Death by Content: How Press Release Abuse Killed Public Relations

In the not too distant past, the sole purpose of a press release was to

Stack of Newspapers

provide journalists with information likely to be of interest to the public; containing what media sources still call “news value.”

Prior to fax machines, paper press releases were delivered by human messengers to major wire services such as AP, UPI and Dow Jones, which in turn communicated the information to their subscribing media outlets over a broadtape machine – which was much like a financial ticker tape, but used a much wider roll of paper. For non-daily news sources such as magazines, press releases were often sent through the US Mail. Regardless of how they were delivered, press releases served an important role in mass communication.

But the press release has lost its franchise as an effective communication tool, for two reasons:

  • Online news portals and email killed the underlying functionality of paper press releases as a news dissemination tool. Technology could deliver news faster, and this was a good thing.

  • Press releases became platforms to deliver content that contained little or no news value, and was of no practical value or interest to the press. PR practitioners began using the press release as a marketing and propaganda tool, and this was a bad thing.

Over the past two decades, the sustained volume of press release abuse by PR practitioners – driven in large measure by corporate executives who fail to understand that journalists are not ad hoc members of their company’s Communications Department – has greatly diminished the stature of the public relations profession in the eyes of journalists, and has also reduced the ability of PR pros to leverage the media as a valuable means of securing objective, third-party exposure and validation for their company, product or cause.
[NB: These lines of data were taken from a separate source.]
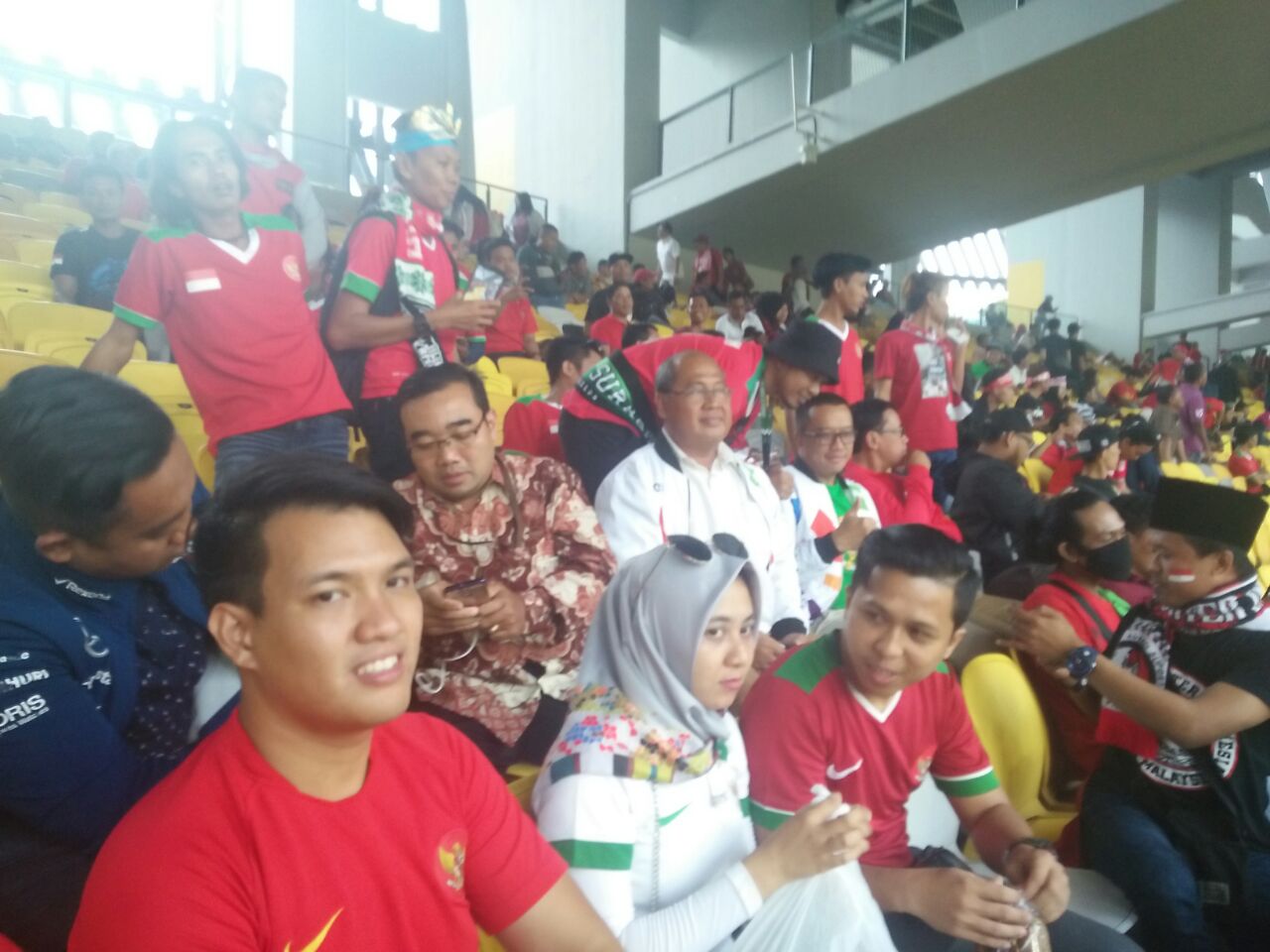 Menpora ke Malaysia Dukung Langsung Timnas U-16 di Piala Asia U-16 2018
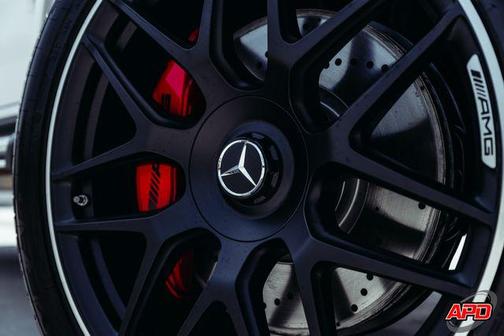 2025 Mercedes-Benz AMG G 63 AMG G 63
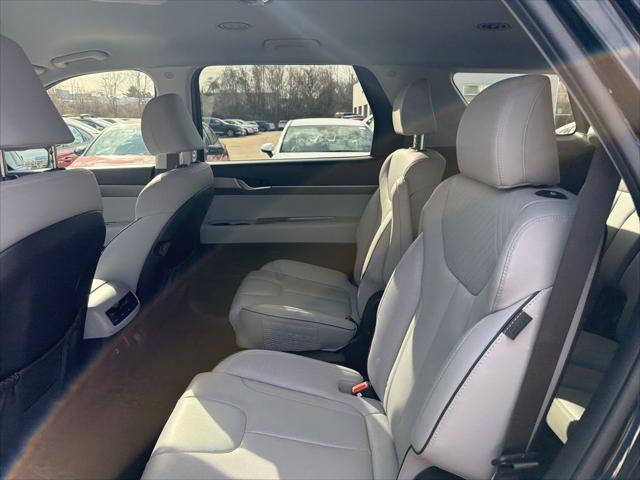2024 Hyundai Palisade SEL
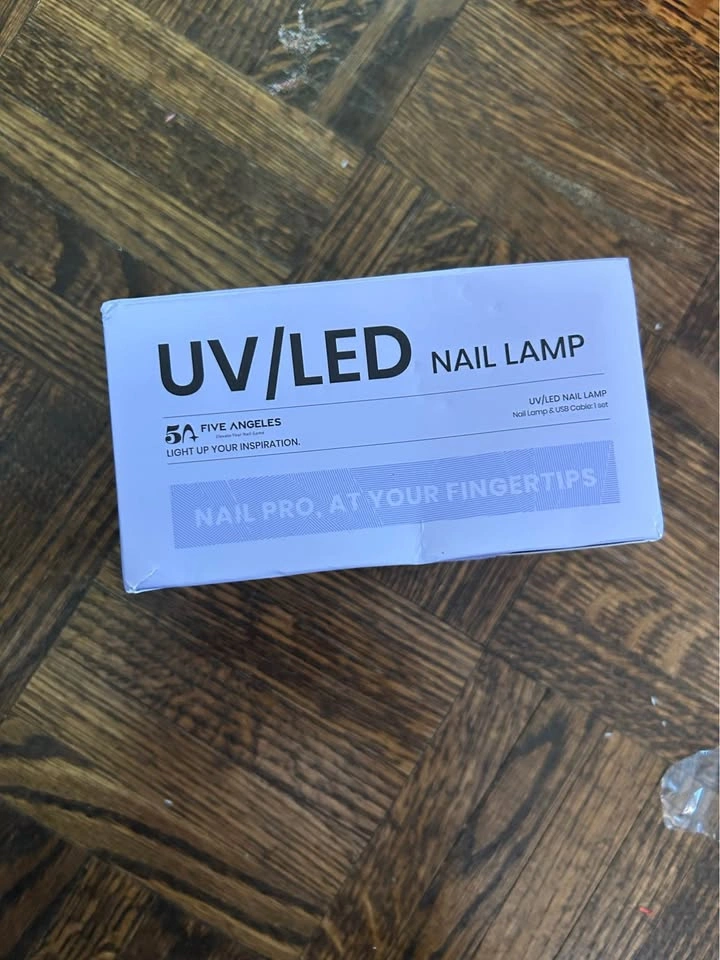 Mini uv light - photo 2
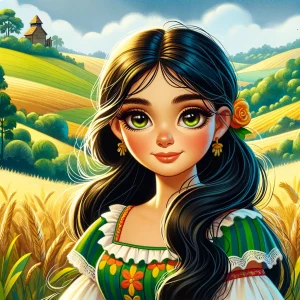 pepita y el legado de la pradera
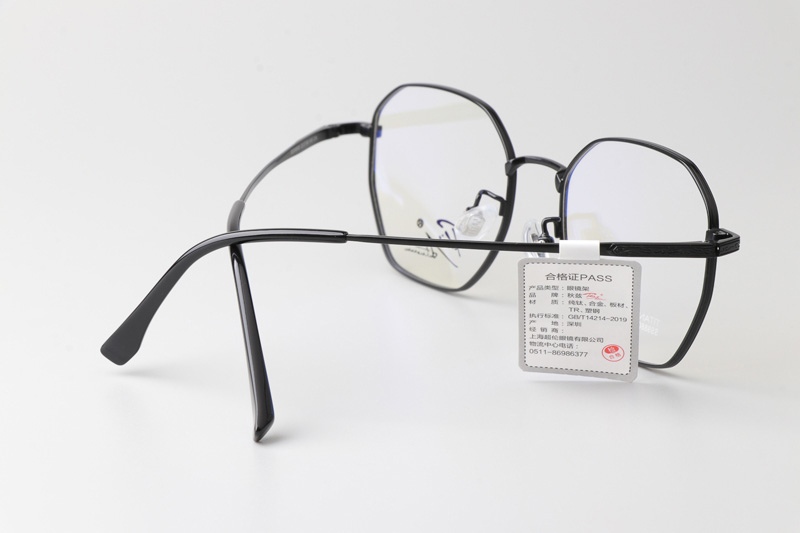 SS98808 Eyeglasses Black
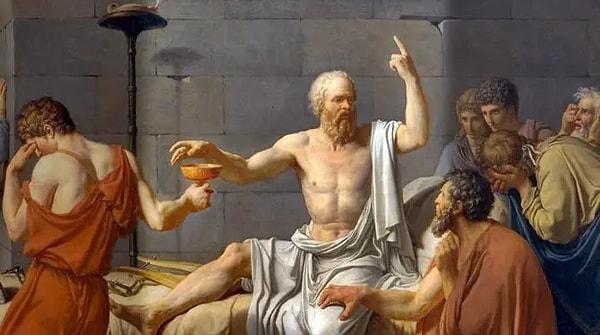 Sokrates'in Demokrasi Sözleri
As the number of journalists who post “Do not send press releases or pitch story ideas to me” on their Cision or Vocus profiles increases every year, the PR profession will eventually lose one of its most fundamental roles: to discover or create content that has bona fide news value, and to properly package and present that information to media sources.

If journalists find no practical need for flacks, organizations will follow their lead. For public companies, dissemination of financial results and material news will be handled by their legal department. Because press releases are now considered sales collateral by their target audiences, “media relations” for all companies will be managed by the marketing department. Public Relations, as a profession and a function, will simply cease to exist.

Twitter, blogs and other social media-based “pull” tools may eventually replace the press release altogether. But unlike social media, press releases have been pushed at journalists, filling their inboxes, wasting their time, and reinforcing the media’s perception of PR as a self-serving and often ignorant generator of meaningless noise.

It may be too late to repair the self-inflicted damage done to the PR profession by years of press release abuse.

Morphing from a Public Relations professional into a Social Media professional may buy some additional career tenure for young communications practitioners, and hopefully they’ll learn from the lessons of PR’s suicide: that whether it’s tweeted, posted or contained in a press release, news and information lacking intrinsic value will always reflect poorly on its source. And over time, irrelevant content will make you irrelevant.